*** PROVIDED DATA Section Begins ***
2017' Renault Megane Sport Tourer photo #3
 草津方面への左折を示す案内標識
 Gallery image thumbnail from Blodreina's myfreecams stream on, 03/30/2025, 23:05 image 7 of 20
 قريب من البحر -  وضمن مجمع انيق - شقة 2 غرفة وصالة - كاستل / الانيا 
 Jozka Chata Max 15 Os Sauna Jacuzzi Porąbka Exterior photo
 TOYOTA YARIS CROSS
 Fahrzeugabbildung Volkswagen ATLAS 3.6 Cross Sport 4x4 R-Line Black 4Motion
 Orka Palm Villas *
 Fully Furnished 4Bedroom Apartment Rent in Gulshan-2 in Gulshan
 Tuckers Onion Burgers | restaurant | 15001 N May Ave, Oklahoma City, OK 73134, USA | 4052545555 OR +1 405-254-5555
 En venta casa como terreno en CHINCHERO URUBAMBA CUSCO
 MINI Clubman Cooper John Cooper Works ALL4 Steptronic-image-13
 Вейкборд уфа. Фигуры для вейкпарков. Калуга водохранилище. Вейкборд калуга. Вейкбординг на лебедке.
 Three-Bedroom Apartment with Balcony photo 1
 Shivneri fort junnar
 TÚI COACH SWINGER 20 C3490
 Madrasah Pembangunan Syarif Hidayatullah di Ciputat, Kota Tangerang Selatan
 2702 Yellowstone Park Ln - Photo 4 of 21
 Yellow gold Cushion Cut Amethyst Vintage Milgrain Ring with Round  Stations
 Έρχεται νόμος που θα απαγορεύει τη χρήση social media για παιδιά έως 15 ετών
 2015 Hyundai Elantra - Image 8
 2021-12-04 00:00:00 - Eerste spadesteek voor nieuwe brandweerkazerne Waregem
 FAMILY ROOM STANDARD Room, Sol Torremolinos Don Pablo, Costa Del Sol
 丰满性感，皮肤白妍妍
*** PROVIDED DATA Section Ends ***
ASSIGNMENT: Which lines above hold the string "with"? Copy each of them.

RESULT OF THIS EXERCISE:
 Three-Bedroom Apartment with Balcony photo 1
 Yellow gold Cushion Cut Amethyst Vintage Milgrain Ring with Round  Stations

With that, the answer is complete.